Die Kontroverse um den Ali‑G‑Film entsteht zu einem Zeitpunkt, an dem die Filmindustrien in den USA und Kanada mit Fragen zu Repräsentation und Unternehmensverantwortung ringen. Sowohl MGM als auch Amazon stehen unter Druck von Interessengruppen in den Vereinigten Staaten, die die Darstellung von rassischen und ethnischen Minderheiten in jüngsten Veröffentlichungen kritisieren. In Kanada beobachtet die Canadian Radio‑television and Telecommunications Commission (CRTC) den ausländischen Besitz von Streaming‑Plattformen und die Auswirkungen von Inhalten, die als kulturell unsensibel gelten könnten. Während die aktuelle Kampagne im Vereinigten Königreich verankert ist, bedeutet die Beteiligung eines US‑ansässigen Vertriebs, dass ein möglicher Boykott auch die Kinoeinnahmen in Nordamerika beeinflussen könnte.

Für Wähler in den USA und Kanada verdeutlicht das Ereignis, wie ausländische Medien‑Watchdogs den Diskurs über Unterhaltungsprodukte, die Grenzen überschreiten, prägen können. Der Fokus der Kampagne auf „rassistische Stereotype" deckt sich mit laufenden Debatten im US‑Kongress über die Rolle der Motion Picture Association bei der Durchsetzung von Diversitätsstandards. In Kanada könnte das Thema in Diskussionen über die bevorstehende Bundeswahl auftauchen, bei denen Parteien abwägen, wie sie kulturelle Repräsentation in den Medien adressieren und gleichzeitig die Meinungsfreiheit wahren.

Rechtsexperten weisen darauf hin, dass der Versuch, die Veröffentlichung eines Films zu blockieren, vor erheblichen Hürden steht. Im Vereinigten Königreich sind Kinoketten nicht gesetzlich verpflichtet, einen bestimmten Titel zu zeigen, müssen jedoch Diskriminierung vermeiden. Eine koordinierte E‑Mail‑Aktion kann Geschäftsentscheidungen beeinflussen, doch ein Versuch, einen Film wegen politischer Äußerungen zu unterdrücken, könnte nach der Europäischen Menschenrechtskonvention, der das Vereinigte Königreich weiterhin angehört, angefochten werden. In den USA würden ähnliche Kampagnen nach dem First Amendment bewertet, der Ausdrucksformen auch dann schützt, wenn sie unpopulär sind.
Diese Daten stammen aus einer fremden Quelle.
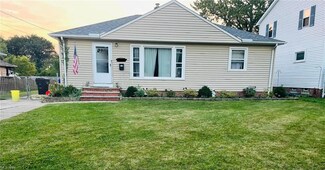6414 Leslie Dr, Brookpark, OH 44142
Baron Cohens Vertreter haben nicht auf Anfragen nach Kommentaren reagiert, und MGM/Amazon haben sich geweigert, die Vorwürfe direkt zu beantworten. Der öffentliche Werdegang des Schauspielers zeigt ein Muster der Unterstützung Israels, darunter Spenden an pro‑israelische Wohltätigkeitsorganisationen und laute Ablehnung der Boycott, Divestment and Sanctions (BDS)‑Bewegung. Diese Aktivitäten haben ihn zu einem Ziel für Aktivisten gemacht, die jedes mit ihm verbundene Kulturprodukt als Träger von „Israel‑Lobby‑Botschaften" ansehen.

Je näher das Veröffentlichungsdatum rückt, desto mehr wird das Ergebnis von NewsCords Petition davon abhängen, wie Kinobetreiber das mögliche Echo von Anti‑Rassismus‑Aktivisten und Befürwortern der Meinungsfreiheit abwägen. Das Beispiel zeigt, wie ein einzelner Film zum Brennpunkt größerer geopolitischer Auseinandersetzungen werden kann, indem Debatten über rassistische Karikaturen in der Komödie mit der umstrittenen Politik des Israel‑Palästina‑Konflikts verknüpft werden. Für Zuschauer in den USA und Kanada erinnert die Kontroverse daran, dass kulturelle Produkte zunehmend mit internationalen Interessen‑Netzwerken verflochten sind und der Kampf um Repräsentation weit über die Leinwand hinausreichen kann.